Die Ruine Hohenhundersingen liegt westlich des Dorfs Hundersingen auf einem felsigen Sporn unterhalb der dortigen Hochfläche. Den Kern der Anlage bildet ein unregelmäßig viereckiger, etwa 12 Meter hoch erhaltener Bergfried, mit Seitenlängen von etwa 4 bis 5 Meter und einem in 6 Meter Höhe gelegenen Hocheingang. Der Innenraum umfasst eine Fläche von lediglich 1,6 x 2 Meter und beinhaltet zwei Räume sowie ein darunter liegendes schachtartiges Verlies. Eine Besonderheit ist der enge, in der Außenwand ausgesparte Durchschlupf, der die beiden Räume verband. Die Außenseiten des Turms sind mit markanten Kalksteinbuckelquadern verkleidet, wobei scheinbar wahllos verschiedene Steinformate und Schichthöhen verwendet wurden. Hinter dem Bergfried findet sich der Rest beziehungsweise der untere Teil einer 4 Meter breiten, etwa 15 Meter langen Schildmauer. Diese gehört sicher nicht zum ursprünglichen Bestand der Burg und dürfte erst im späten 13. oder im 14. Jahrhundert ergänzt worden sein.

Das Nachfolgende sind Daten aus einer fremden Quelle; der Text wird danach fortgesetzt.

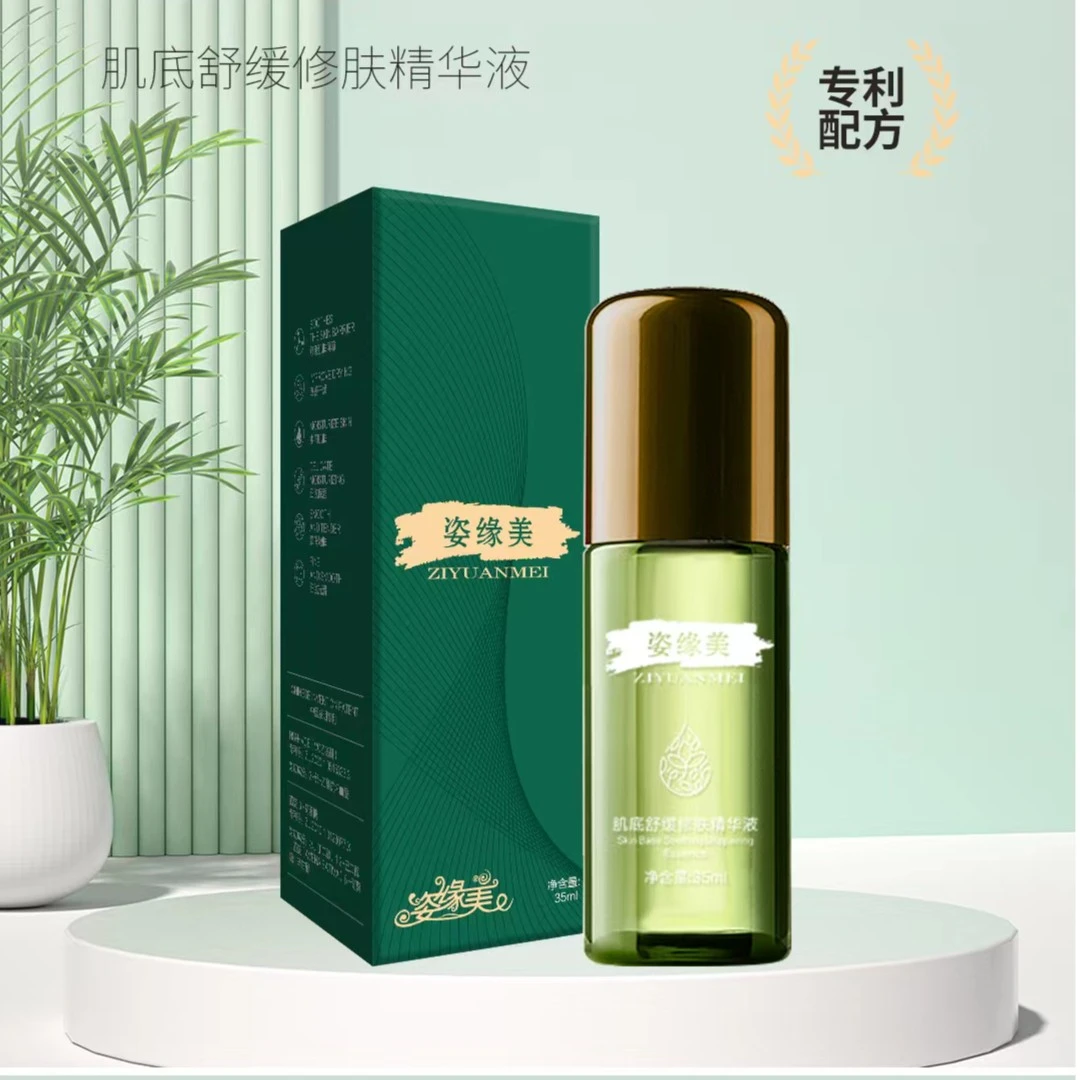 【肌底舒缓修肤精华液】(加强版精华）（ZYM）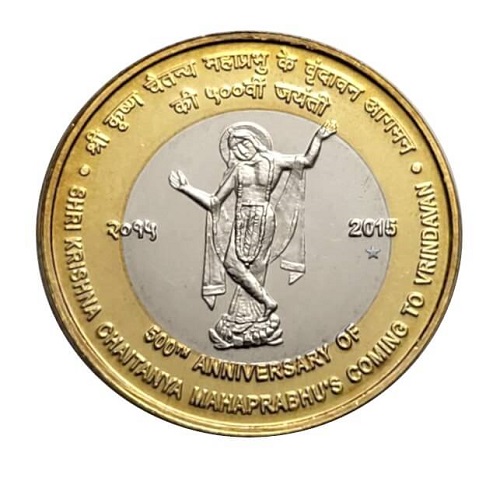 Chaitanya Mahaprabhu's Rs 10 coin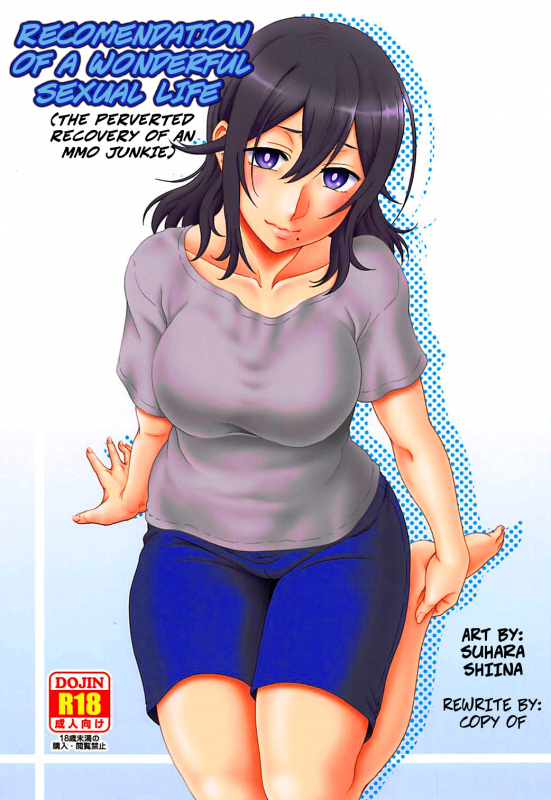 (C94) [Oretachi Misnon Ikka (Suhara Shiina)] Reco_00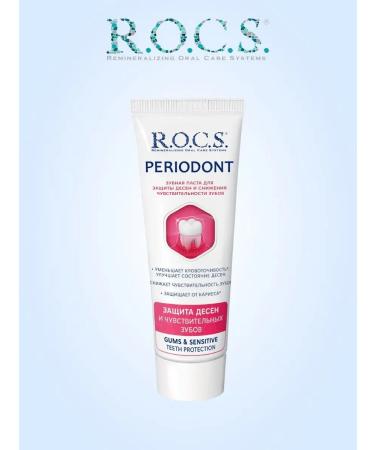 ROCS Toothpaste from inflammation and bleeding Periodont 75 ml - Buy Online on GoSupps.com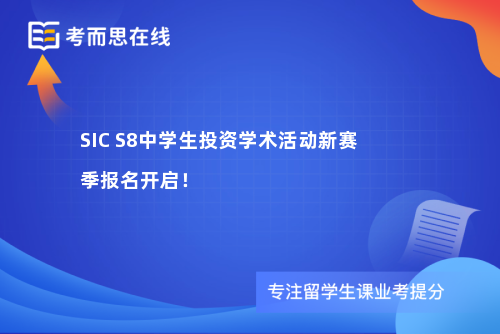 SIC S8中学生投资学术活动新赛季报名开启！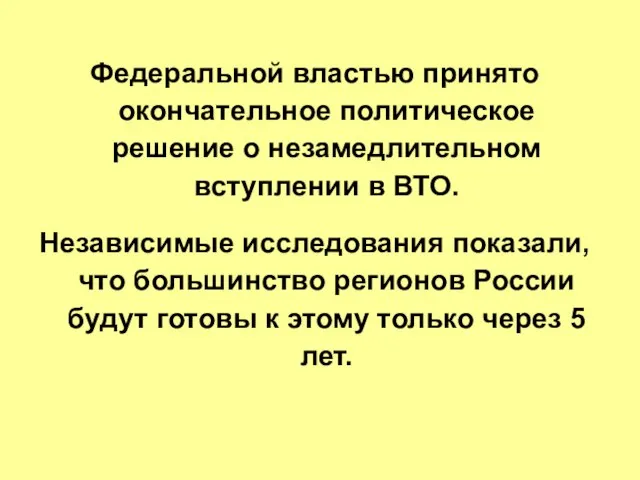 Федеральной властью принято окончательное политическое решение о незамедлительном вступлении в ВТО. Независимые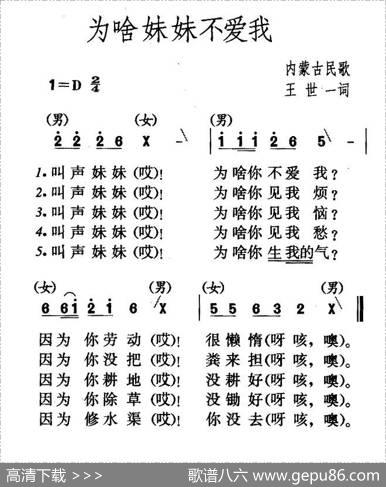 为啥妹妹不爱我 - 王世一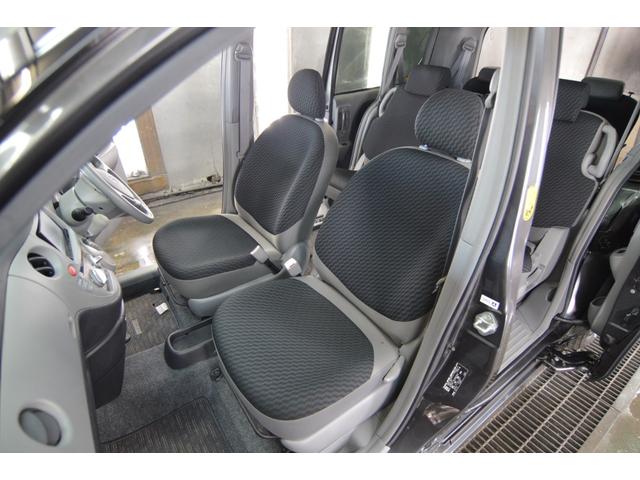 ���s���Ȃ߁I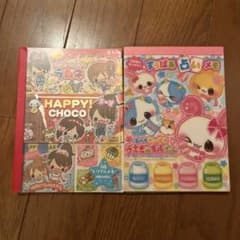 レトロメモ帳 2冊　セットのサムネイル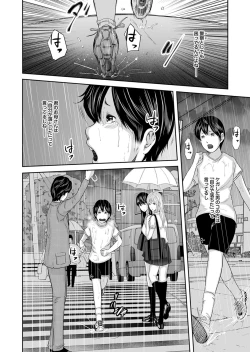 Page 342 of Ikanishite Haha wa Onna o Kaihou Shitaka Ch. 1-14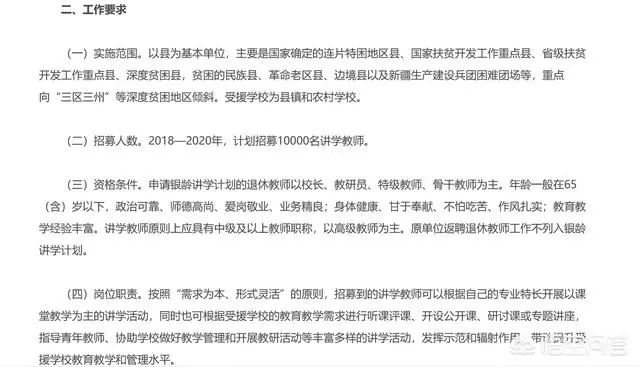 教师提前退休最新文件及其社会影响分析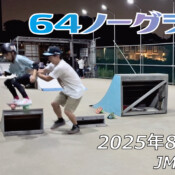 フリースケート – 8月31日 64セッション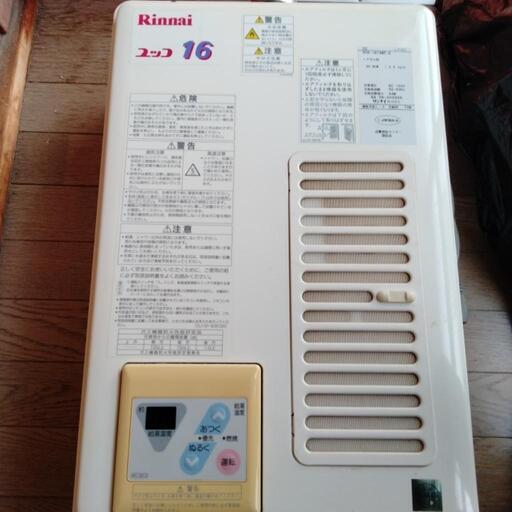 ガス給湯器　リンナイ　ユッコ16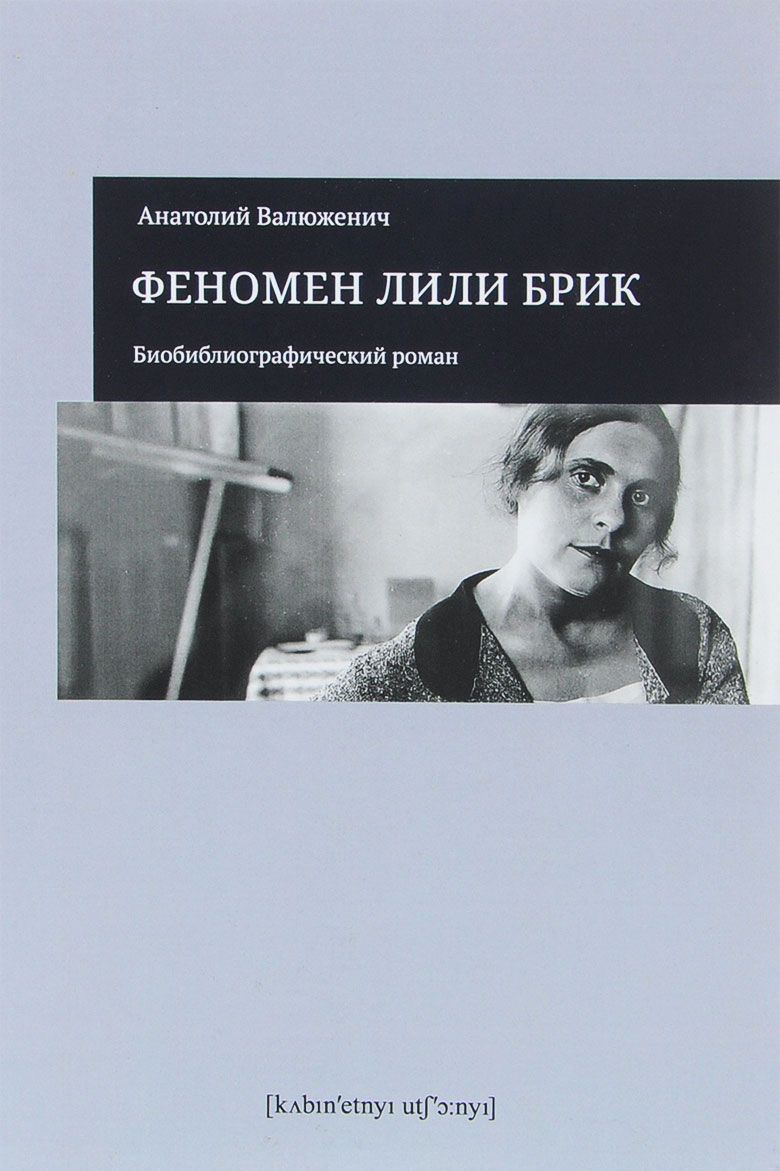 Валюженич А. Феномен Лили Брик. Биобиблиографический роман | (Кабученый, мягк.)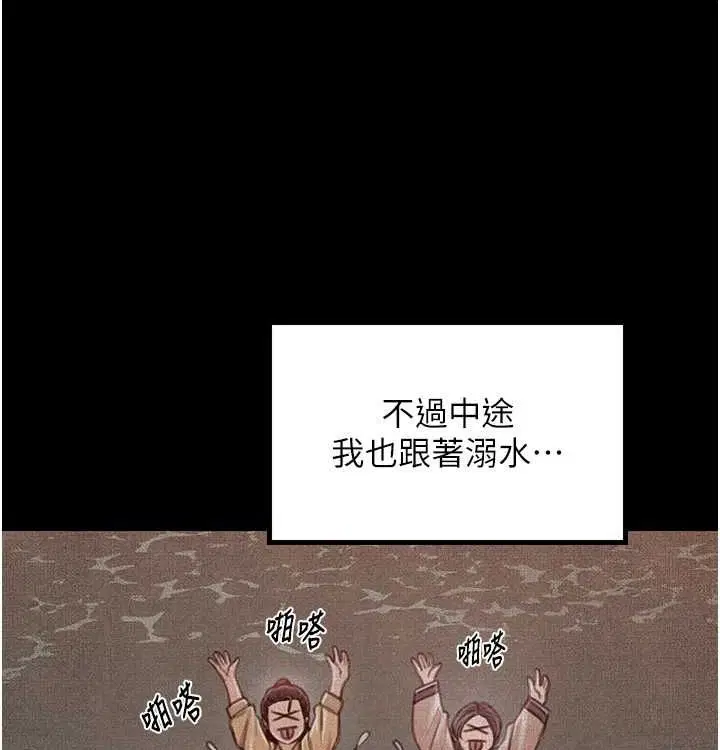 第68話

Südlich unterhalb des Kernburgfelsens befindet sich ein weiterer Burgteil, der lange Zeit als „Vorburg“ angesprochen wurde, in dem wahrscheinlich aber vielmehr der eigentliche Wohnbereich der Burganlage zu sehen ist, der gut geschützt hinter Turm und Schildmauer lag und gleichsam repräsentativ zum Tal ausgerichtet war. Dieses etwa 10 Meter tiefer liegende Burgareal umfasst eine fast quadratische Fläche von etwa 20 x 25 Meter und wird südseitig durch eine knapp 20 Meter lange, etwa 1,6 Meter starke Mauer begrenzt, die im unteren Teil eine kleine Fensteröffnung aufweist. Offenbar war dieser untere Burgteil einst umfangreich bebaut, wie in den Fels gearbeitete Balkenlöcher sowie ein großes ausgehauenes Balkenlager aufzeigen.
Kaum Beachtung fand lange Zeit eine umfangreiche Voranlage, die sich bergseitig vor der Kernburg erstreckt. Mächtige Grabenanlagen und Wälle schützten diese gegen die leicht überhöht liegende Hochfläche. Unsichere Geländespuren lassen zudem eine Bebauung dieses Areals beziehungsweise die Existenz einzelner Gebäude vermuten, über deren Nutzungsspektrum oder exakte chronologische Einordnung sich vorerst aber keine weitergehenden Aussagen machen lassen. Hinter diesem Vorburgareal fällt schließlich der fast 15 Meter tiefe und etwa 10 Meter breite Halsgraben der Kernburg ab, bei dem es sich offenbar um eine natürliche, zu einem Graben erweiterte Felskluft handelt.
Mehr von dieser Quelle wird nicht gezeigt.